Cronenwett reached the age of 73 years 3 months. His funeral began at nine-thirty in the morning with the Christian Day School children singing at his home, and then a procession of mourners that included 35 pastors walked to the church. There were over 250 wagons in town with over 3,000 people at services that did not end until four o’clock in the afternoon. The congregation showed their love for Father Cronenwett by paying the funeral expenses and erecting a monument at the burial site at the cemetery off Lime Road.
Thus ended the Cronenwett years that began in 1841 when an exceptional, youthful minister was chosen by our forefathers. He established thirteen congregations, served and chaired several synod level committees developing a suitable liturgical book, chaired the compiling of a German hymnal known as Gesangbuch, established an institute of higher education serving as the first director, and faithfully served the Solomon congregation for 47 years.

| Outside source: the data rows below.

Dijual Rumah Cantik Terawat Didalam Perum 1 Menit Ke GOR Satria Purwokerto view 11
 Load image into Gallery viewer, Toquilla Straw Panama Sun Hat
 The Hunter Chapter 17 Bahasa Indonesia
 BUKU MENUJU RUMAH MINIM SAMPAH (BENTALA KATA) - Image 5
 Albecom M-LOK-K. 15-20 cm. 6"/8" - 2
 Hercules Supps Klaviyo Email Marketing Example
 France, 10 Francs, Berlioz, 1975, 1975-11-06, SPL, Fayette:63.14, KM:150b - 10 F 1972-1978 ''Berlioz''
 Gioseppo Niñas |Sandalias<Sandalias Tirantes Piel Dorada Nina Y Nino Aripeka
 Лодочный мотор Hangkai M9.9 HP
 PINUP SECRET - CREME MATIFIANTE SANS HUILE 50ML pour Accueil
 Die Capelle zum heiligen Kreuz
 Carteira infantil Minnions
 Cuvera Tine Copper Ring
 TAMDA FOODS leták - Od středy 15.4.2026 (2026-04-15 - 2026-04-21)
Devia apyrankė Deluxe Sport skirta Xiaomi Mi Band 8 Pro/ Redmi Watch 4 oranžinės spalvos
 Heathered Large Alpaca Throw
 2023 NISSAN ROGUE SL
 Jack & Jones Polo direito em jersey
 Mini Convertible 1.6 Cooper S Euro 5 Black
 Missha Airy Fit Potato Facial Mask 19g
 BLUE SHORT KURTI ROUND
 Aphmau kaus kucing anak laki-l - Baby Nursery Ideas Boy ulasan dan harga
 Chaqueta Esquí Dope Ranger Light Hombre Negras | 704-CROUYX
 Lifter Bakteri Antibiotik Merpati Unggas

In addition to his legacy in the ministry, the home that he had built in 1858 is listed in the U.S. National Register of Historic Places. The home at 606 West Main Street is built in the Greek Revival style. The original house was only the center of the current structure. The house qualified for the National Register in two different ways: its architecture was deemed of historic significance, and Cronenwett was such an important member of the community’s history that the house qualified because of its connection to him.
“The Story of Solomon” articles have been put together by Mary Lou Busdiecker in honor of Solomon Lutheran Church’s 175th Anniversary. We thank her for her diligence in research for, and organization of. this special time in Solomon’s life!